Les cadres de gouvernance professionnelle peuvent englober de nombreux aspects différents liés à la réglementation d'une profession, comme : les conditions d'admission, le perfectionnement professionnel continu, un cadre d'assurance, des codes de conduite et un processus disciplinaire. Le présent document offre un aperçu de trois modèles de gouvernance proposés en plus d'un cadre de valeurs et d'éthique destiné aux agents de PI (incluant un code de conduite et un processus disciplinaire). Le gouvernement souhaite obtenir des commentaires à propos des propositions fondés sur les questions énoncées à la fin du présent document, afin de mettre en œuvre un nouveau modèle de gouvernance parallèlement au cadre de valeurs et d'éthique.

Consultations antérieures

En 2013-2014, l'Office de la propriété intellectuelle du Canada (OPIC) a lancé un processus de consultation intitulé « Modernisation de la communauté de la PI », une collaboration entre l'OPIC et la communauté professionnelle de la PI. Trois groupes de travail ont été formés afin d'examiner les divers aspects de la gouvernance de la profession de la PI, dont un spécifiquement pour explorer et formuler des recommandations concernant un cadre de valeurs et d'éthique destiné aux agents de PI. L'objectif était d'élaborer un cadre juste et cohérent afin d'offrir une bonne compréhension de conduite acceptable aux agents de PI et une attente de service claire aux clients.

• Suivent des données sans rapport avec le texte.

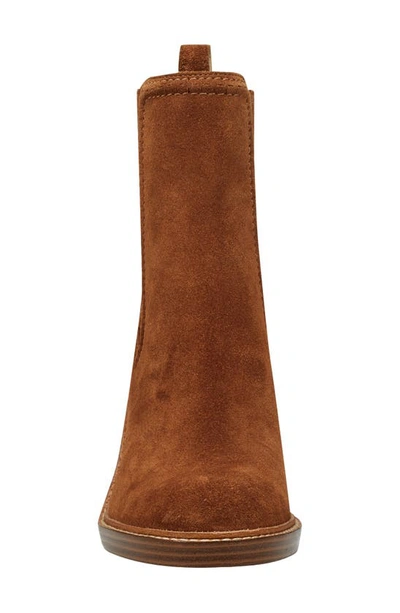 Shop Marc Fisher Ltd Halida Bootie In Taupe 240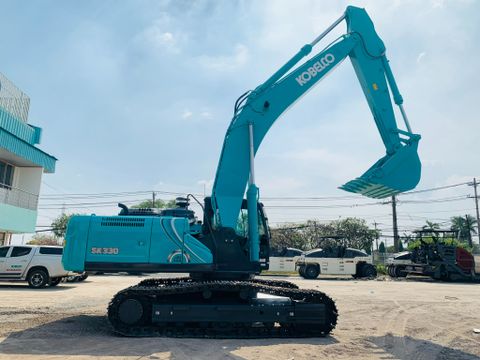 MÁY ĐÀO BÁNH XÍCH KOBELCO SK330-10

Le groupe de travail a examiné les pratiques exemplaires actuelles dans d'autres juridictions et a identifié les comportements éthiques auxquels on s'attend généralement de la part des agents. À l'époque, la portée des options était limitée à celles qui se conformaient aux pouvoirs existants de la Commissaire aux brevets, registraire des marques de commerce (c.-à-d. aucune prise en compte de la délégation des pouvoirs).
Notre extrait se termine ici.